EXERCISE AIM
Produce word for word the lines of the data below running from the one that has "Cup of coffee on wooden table" to the one that has "A woman meal", inclusive, and no others.
────────────────
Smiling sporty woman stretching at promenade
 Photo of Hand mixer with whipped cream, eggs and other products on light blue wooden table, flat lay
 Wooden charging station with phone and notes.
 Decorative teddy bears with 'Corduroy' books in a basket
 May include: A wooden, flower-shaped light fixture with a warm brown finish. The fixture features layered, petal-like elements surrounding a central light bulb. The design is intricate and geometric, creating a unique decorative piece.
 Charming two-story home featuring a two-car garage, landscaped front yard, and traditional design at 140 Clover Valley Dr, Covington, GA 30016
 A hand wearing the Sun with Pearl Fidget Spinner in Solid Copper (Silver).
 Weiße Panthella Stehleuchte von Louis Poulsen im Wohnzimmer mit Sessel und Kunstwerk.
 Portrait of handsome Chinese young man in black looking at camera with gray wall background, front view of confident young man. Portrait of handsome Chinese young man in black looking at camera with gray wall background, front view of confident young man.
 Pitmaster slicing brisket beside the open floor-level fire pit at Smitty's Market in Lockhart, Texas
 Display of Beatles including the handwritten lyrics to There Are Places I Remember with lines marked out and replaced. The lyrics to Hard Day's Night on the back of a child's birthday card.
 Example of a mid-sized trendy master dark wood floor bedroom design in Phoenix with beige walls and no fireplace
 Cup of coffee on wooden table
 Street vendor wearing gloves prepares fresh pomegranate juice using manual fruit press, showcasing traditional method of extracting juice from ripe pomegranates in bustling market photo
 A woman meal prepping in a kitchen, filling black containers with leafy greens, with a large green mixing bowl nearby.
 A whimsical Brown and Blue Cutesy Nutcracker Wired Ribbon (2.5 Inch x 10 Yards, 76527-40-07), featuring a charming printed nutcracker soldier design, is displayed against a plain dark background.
────────────────
REPLY
 Cup of coffee on wooden table
 Street vendor wearing gloves prepares fresh pomegranate juice using manual fruit press, showcasing traditional method of extracting juice from ripe pomegranates in bustling market photo
 A woman meal prepping in a kitchen, filling black containers with leafy greens, with a large green mixing bowl nearby.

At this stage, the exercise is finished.